(Records excerpted from a collection)
------------------------------------------------------------

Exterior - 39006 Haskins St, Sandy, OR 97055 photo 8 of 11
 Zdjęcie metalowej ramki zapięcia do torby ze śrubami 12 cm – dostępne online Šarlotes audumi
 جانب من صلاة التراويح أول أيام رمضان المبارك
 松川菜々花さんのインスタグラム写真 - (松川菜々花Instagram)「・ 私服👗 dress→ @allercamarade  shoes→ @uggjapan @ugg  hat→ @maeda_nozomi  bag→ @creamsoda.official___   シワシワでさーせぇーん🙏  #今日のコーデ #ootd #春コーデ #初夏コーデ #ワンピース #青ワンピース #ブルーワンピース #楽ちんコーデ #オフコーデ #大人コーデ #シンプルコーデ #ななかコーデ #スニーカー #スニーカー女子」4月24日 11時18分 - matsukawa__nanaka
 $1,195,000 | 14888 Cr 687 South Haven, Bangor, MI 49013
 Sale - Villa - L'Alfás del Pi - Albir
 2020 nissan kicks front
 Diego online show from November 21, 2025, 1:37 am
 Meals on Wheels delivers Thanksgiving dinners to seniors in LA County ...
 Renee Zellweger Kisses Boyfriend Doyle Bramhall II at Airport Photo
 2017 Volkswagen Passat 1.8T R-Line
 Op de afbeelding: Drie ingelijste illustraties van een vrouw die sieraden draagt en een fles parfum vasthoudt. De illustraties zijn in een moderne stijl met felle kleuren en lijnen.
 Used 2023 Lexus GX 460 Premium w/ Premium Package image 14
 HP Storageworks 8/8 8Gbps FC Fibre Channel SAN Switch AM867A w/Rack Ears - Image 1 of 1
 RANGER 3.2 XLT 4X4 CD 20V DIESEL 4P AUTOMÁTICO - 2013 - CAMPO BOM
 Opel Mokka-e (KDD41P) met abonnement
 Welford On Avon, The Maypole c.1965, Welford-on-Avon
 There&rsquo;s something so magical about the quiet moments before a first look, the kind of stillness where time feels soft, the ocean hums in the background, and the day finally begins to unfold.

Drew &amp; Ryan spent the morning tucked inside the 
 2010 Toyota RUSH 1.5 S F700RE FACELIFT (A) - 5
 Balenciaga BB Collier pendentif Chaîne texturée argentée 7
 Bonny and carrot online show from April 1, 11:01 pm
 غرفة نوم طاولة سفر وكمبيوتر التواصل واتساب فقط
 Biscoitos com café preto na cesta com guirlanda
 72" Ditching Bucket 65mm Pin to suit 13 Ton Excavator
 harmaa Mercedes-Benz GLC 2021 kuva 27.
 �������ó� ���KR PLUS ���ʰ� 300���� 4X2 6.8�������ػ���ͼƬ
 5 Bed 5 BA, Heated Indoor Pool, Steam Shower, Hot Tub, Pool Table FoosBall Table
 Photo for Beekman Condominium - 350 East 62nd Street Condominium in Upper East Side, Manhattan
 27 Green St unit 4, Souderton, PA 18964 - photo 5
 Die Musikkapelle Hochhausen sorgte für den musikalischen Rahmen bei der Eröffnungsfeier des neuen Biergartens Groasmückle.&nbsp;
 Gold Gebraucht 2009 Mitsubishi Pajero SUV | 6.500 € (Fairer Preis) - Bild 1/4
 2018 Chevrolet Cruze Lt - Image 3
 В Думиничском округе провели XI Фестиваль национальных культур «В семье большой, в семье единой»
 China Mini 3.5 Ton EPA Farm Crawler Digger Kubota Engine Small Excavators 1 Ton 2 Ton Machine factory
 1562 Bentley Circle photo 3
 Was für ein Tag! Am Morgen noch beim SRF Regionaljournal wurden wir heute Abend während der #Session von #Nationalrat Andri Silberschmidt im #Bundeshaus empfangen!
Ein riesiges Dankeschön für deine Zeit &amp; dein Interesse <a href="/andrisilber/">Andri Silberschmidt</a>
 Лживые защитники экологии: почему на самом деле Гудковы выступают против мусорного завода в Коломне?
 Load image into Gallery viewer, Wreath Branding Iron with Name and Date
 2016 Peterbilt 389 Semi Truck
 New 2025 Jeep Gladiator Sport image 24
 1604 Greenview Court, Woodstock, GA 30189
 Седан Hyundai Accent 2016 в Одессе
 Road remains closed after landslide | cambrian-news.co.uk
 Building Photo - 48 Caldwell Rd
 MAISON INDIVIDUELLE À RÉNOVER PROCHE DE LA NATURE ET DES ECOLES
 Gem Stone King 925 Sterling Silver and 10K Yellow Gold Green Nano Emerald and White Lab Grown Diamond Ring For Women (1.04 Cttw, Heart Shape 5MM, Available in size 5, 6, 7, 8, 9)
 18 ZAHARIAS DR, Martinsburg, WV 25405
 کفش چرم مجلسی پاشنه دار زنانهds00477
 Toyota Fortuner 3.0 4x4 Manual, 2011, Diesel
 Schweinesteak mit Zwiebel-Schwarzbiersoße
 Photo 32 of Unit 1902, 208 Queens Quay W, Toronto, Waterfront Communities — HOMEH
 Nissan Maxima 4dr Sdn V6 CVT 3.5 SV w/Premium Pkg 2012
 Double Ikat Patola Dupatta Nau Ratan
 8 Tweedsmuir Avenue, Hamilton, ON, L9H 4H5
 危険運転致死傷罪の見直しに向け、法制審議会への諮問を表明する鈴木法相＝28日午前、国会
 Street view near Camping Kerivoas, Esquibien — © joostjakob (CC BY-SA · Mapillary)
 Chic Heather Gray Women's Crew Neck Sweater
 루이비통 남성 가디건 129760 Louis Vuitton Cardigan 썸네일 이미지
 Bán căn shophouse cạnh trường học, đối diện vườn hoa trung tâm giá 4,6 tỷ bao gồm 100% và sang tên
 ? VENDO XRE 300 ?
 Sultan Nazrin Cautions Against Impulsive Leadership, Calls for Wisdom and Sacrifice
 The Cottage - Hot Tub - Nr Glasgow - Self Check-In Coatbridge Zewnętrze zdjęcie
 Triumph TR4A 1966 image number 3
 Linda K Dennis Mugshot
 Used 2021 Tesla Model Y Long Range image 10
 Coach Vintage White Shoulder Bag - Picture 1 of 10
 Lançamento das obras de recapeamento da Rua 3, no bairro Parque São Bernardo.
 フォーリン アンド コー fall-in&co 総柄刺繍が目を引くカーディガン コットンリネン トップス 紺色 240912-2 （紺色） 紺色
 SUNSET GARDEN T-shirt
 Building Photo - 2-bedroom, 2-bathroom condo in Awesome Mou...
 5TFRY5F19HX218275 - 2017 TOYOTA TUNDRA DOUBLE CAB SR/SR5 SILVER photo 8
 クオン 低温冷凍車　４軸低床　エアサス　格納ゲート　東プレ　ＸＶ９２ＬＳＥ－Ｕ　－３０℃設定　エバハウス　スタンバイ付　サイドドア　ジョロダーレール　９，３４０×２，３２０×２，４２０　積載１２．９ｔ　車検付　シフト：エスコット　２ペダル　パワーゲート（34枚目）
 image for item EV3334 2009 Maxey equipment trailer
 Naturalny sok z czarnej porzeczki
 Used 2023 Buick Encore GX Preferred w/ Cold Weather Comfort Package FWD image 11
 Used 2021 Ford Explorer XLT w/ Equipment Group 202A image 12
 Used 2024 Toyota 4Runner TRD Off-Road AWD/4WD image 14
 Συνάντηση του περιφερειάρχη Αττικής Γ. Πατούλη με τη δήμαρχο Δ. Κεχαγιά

------------------------------------------------------------

# What you need to do:
Retype the entries exactly from the first line, stopping after the line with "Used 2023 Lexus".

# Your response:
Exterior - 39006 Haskins St, Sandy, OR 97055 photo 8 of 11
 Zdjęcie metalowej ramki zapięcia do torby ze śrubami 12 cm – dostępne online Šarlotes audumi
 جانب من صلاة التراويح أول أيام رمضان المبارك
 松川菜々花さんのインスタグラム写真 - (松川菜々花Instagram)「・ 私服👗 dress→ @allercamarade  shoes→ @uggjapan @ugg  hat→ @maeda_nozomi  bag→ @creamsoda.official___   シワシワでさーせぇーん🙏  #今日のコーデ #ootd #春コーデ #初夏コーデ #ワンピース #青ワンピース #ブルーワンピース #楽ちんコーデ #オフコーデ #大人コーデ #シンプルコーデ #ななかコーデ #スニーカー #スニーカー女子」4月24日 11時18分 - matsukawa__nanaka
 $1,195,000 | 14888 Cr 687 South Haven, Bangor, MI 49013
 Sale - Villa - L'Alfás del Pi - Albir
 2020 nissan kicks front
 Diego online show from November 21, 2025, 1:37 am
 Meals on Wheels delivers Thanksgiving dinners to seniors in LA County ...
 Renee Zellweger Kisses Boyfriend Doyle Bramhall II at Airport Photo
 2017 Volkswagen Passat 1.8T R-Line
 Op de afbeelding: Drie ingelijste illustraties van een vrouw die sieraden draagt en een fles parfum vasthoudt. De illustraties zijn in een moderne stijl met felle kleuren en lijnen.
 Used 2023 Lexus GX 460 Premium w/ Premium Package image 14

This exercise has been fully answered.